Awww....congrats ...they are adorable.... :thumb:  :greengrin:


----------



## DavyHollow (Jul 14, 2011)

so cute! Congrats


----------



## goatnutty (Oct 9, 2007)

so cute!!! I love the buckling..makes me miss the pygmys haha


----------



## freckles (Jun 17, 2011)

They are cute


----------



## Calico Patch Farm (Mar 8, 2011)

Beautiful! I love Lewis!!!


----------



## Subgoat Girls (May 8, 2011)

Oh!!


----------



## liz (Oct 5, 2007)

Awww.....Blanket is a beautiful Carmel...and to have her daughter look like her is great! Little boy is a color I've not ever seen up close, would he be considered a brown agouti?
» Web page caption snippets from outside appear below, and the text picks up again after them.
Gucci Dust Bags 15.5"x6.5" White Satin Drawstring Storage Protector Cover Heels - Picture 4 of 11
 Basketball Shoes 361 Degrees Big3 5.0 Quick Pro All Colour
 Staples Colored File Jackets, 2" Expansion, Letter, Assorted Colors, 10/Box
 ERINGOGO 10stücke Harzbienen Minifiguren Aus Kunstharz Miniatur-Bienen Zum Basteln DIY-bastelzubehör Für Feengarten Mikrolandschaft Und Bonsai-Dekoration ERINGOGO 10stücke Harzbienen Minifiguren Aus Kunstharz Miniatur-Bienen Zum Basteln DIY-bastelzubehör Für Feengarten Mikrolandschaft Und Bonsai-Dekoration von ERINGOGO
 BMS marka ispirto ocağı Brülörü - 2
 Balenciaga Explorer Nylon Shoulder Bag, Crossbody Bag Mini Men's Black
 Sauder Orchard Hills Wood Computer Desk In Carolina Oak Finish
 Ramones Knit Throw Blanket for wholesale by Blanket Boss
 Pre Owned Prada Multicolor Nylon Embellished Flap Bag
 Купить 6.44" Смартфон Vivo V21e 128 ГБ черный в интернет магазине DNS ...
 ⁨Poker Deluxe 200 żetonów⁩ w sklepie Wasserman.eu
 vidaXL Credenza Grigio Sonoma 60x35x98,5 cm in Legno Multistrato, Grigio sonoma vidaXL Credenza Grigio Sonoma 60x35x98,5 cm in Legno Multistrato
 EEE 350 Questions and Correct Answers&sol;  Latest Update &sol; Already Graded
Thank goodness you were able to pull them without harming Blanket...and babies! Congrats!


----------



## freedomstarfarm (Mar 25, 2011)

Congrats! Cute kids!!


----------



## kid'n'kaboodle (Mar 5, 2011)

Very sweet; congrats. I love the colours!


----------



## VincekFarm (Jun 27, 2011)

Awee they are soo adorable!! Congrats! Wow that doeling is BIG compared to her brother!


----------



## ThatsJustJessi (Sep 28, 2011)

Love the colors! Congratulations!


----------



## rosti (Feb 1, 2011)

Thank you everyone!



> Wow that doeling is BIG compared to her brother!


It is just how the picture was taken. They were both the same size.


----------



## ksalvagno (Oct 6, 2009)

Glad everything worked out ok. Congratulations! Cuties! :leap:


----------